Wolf Lepenies est moins convaincant quand il aborde la partie proprement littéraire de l’activité critique des Lundis. Le maître mot de Sainte-Beuve, nous dit-il, était “vengeance” et il croit voir courir tout au long de l’oeuvre comme une vaste thèse métaphysique : a) crimes et vengeances entraînant de nouveaux crimes n’avaient cessé de se succéder tout au long de l’histoire et le moment était venu de briser le cercle vicieux (422); b) à la différence de tous les auteurs de théodicée ou de philosophie de l’histoire, Sainte-Beuve se déclarait incapable de distinguer aucun schéma, aucune loi gouvernant le cours des évènements (427); c) il aurait cependant conçu la critique littéraire comme un instrument permettant de rétablir l’ordre perturbé (436). Le fil directeur proposé pour dégager une cohérence sous jacente à l’activité protéiforme des Lundis est bien ténu et ne parvient pas toujours à relier les nombreux exemples censés l’illustrer.
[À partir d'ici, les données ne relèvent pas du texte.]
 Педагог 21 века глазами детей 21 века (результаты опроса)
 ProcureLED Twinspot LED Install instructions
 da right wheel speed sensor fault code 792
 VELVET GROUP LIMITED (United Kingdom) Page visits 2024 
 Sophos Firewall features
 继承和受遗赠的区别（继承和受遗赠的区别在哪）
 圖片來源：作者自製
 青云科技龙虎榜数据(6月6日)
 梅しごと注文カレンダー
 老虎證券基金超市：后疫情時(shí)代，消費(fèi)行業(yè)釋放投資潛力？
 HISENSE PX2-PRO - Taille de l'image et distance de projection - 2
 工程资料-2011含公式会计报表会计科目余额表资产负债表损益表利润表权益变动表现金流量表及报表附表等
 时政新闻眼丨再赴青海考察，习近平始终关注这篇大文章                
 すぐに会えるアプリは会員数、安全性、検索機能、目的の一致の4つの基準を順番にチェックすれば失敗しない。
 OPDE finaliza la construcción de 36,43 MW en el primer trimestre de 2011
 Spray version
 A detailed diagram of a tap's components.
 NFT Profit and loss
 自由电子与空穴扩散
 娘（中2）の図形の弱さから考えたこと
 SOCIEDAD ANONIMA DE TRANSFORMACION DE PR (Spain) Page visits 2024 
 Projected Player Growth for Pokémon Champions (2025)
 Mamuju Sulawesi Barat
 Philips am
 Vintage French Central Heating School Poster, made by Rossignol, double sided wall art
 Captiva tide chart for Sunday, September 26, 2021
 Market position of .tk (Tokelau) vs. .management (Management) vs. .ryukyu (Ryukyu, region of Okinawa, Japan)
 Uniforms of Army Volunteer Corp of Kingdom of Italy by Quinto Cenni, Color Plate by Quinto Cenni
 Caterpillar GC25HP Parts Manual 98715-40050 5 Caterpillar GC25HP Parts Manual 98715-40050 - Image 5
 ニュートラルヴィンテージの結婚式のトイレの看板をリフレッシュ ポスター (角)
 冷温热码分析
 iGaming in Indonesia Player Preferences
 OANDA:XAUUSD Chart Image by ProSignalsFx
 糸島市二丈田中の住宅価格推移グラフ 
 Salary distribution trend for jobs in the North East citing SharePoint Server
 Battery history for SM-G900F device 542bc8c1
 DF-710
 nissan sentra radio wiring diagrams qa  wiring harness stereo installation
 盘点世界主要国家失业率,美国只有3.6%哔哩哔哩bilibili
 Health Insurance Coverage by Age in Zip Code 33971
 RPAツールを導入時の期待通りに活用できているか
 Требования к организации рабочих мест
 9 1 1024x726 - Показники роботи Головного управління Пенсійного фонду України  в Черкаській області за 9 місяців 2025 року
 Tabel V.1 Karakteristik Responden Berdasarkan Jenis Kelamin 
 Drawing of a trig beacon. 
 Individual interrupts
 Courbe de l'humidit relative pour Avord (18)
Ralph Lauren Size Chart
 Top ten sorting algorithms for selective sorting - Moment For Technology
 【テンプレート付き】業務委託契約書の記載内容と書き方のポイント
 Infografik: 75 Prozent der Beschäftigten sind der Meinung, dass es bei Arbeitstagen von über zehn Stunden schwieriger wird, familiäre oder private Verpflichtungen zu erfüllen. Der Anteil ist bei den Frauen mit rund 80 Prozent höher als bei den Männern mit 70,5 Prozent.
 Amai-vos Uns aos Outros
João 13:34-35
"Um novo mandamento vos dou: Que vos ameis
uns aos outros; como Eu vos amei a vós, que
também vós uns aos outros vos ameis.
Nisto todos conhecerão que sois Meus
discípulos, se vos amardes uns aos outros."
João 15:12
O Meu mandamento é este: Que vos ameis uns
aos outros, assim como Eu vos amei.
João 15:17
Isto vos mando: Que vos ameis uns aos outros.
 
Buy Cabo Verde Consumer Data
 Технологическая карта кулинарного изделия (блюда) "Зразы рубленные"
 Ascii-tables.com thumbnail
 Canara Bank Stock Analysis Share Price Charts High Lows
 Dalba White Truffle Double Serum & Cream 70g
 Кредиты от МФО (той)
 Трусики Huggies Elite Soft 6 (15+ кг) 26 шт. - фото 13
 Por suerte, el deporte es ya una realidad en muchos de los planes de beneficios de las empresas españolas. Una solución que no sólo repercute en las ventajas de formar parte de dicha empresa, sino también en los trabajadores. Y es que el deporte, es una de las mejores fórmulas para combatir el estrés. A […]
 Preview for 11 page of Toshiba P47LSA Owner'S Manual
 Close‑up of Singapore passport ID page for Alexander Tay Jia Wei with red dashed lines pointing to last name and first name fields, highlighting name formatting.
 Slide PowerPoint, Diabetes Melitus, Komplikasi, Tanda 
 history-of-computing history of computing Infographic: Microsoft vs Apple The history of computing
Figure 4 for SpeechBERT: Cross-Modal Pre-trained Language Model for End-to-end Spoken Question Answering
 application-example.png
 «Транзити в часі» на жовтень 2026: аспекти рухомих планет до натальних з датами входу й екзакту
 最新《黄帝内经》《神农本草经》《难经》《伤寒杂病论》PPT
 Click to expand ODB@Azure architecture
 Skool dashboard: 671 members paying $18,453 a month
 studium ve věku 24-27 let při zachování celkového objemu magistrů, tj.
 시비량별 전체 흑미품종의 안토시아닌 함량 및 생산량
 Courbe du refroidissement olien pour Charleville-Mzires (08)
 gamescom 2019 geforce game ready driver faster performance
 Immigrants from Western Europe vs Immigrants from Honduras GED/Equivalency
Si elle crée ainsi parfois une impression de désordre, la méthode de Wolf Lepenies, qui procède par accumulation de détails, d’anecdotes, n’est pas sans faire penser à celle de l’écrivain dont il a choisi de parler. Après Bayle, après Sainte-Beuve, il fait ses courses sur toutes sortes d’auteurs. Plutôt que de lui tenir rigueur de ne pas toujours atteindre aux sommets où se situent ses prédécesseurs, on lui saura gré de nous avoir opportunément rappelé que Sainte-Beuve, avant d’être l’auteur d’écrits classiques sur les classiques, a d’abord été un moderne, et que son oeuvre reste un document exceptionnel sur la vie intellectuelle du XIXe siècle. Même ceux qui le savaient déjà, ou ceux que cela laisse indifférents, liront le livre avec profit : anecdotes savoureuses ou mots d’esprit célèbres (comme le Monseigneur, j’attendrais du Cardinal de Bernis ou le s’il entre, je sors de Royer Collard), ils sont sûr d’y faire, au hasard des pages, des trouvailles inattendues.